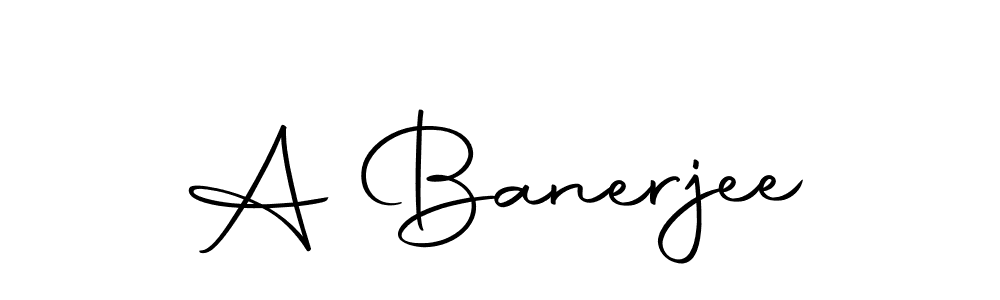 How to make A Banerjee signature? Autography-DOLnW is a professional autograph style. Create handwritten signature for A Banerjee name. A Banerjee signature style 10 images and pictures png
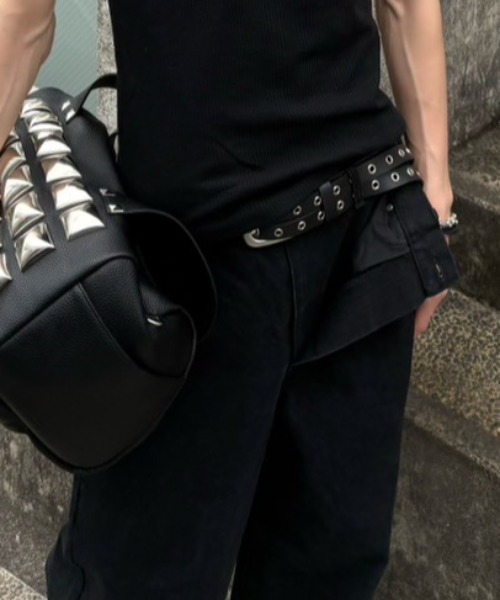 Lee fi Ne(リファイン)の「【Lee fi Ne】Phantom Dual Layer Jeans / 【リファイン】ファントムダブルレイヤードデニムパンツ<着用動画あり>(デニムパンツ・メンズ・ブラック・01/02)」の9枚目の写真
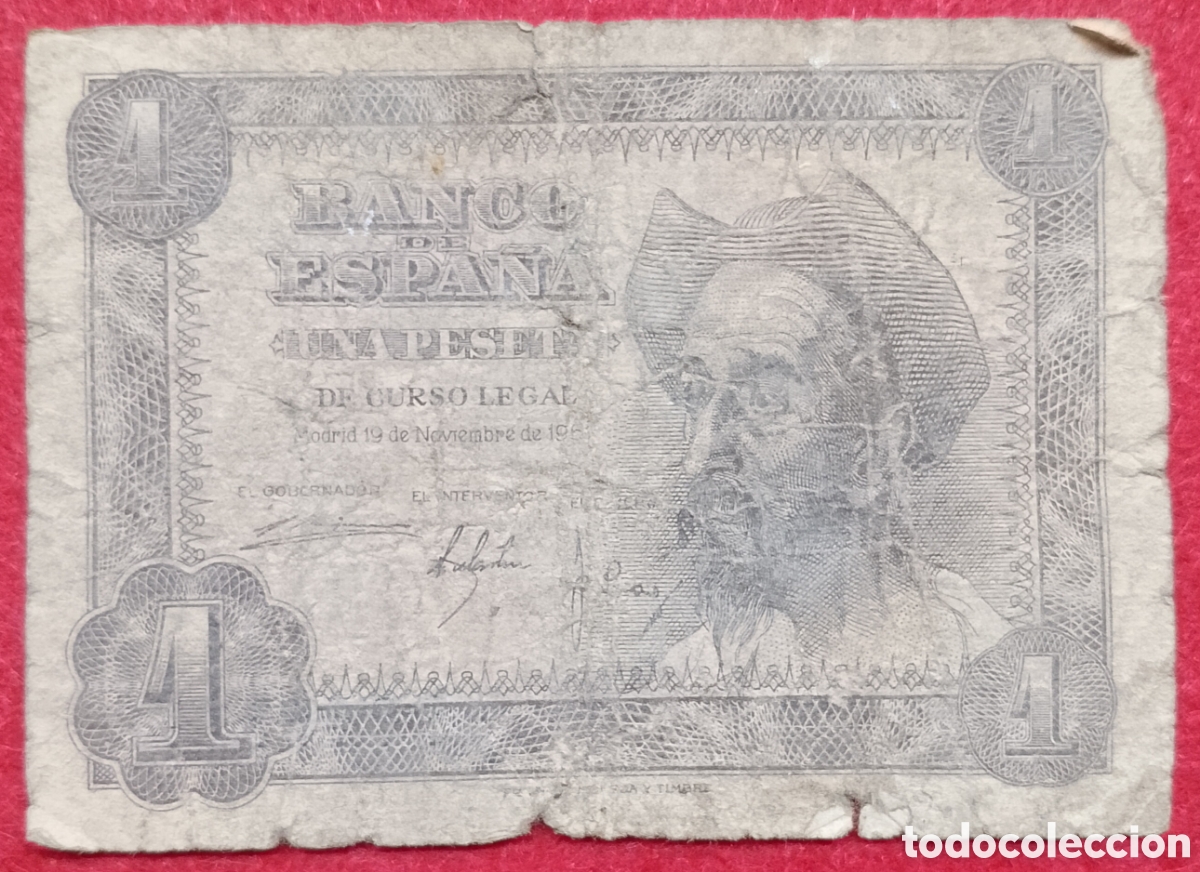 Billetes extranjeros: Billete Espa&ntilde;a 1 peseta 1951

* **Work order**
Copy the data character for character, but drop all pictures from the copy.

* **Result of this exercise**
 How to make A Banerjee signature? Autography-DOLnW is a professional autograph style. Create handwritten signature for A Banerjee name. A Banerjee signature style 10 images and pictures png
 Lee fi Ne(リファイン)の「【Lee fi Ne】Phantom Dual Layer Jeans / 【リファイン】ファントムダブルレイヤードデニムパンツ<着用動画あり>(デニムパンツ・メンズ・ブラック・01/02)」の9枚目の写真
 Billetes extranjeros: Billete Espa&ntilde;a 1 peseta 1951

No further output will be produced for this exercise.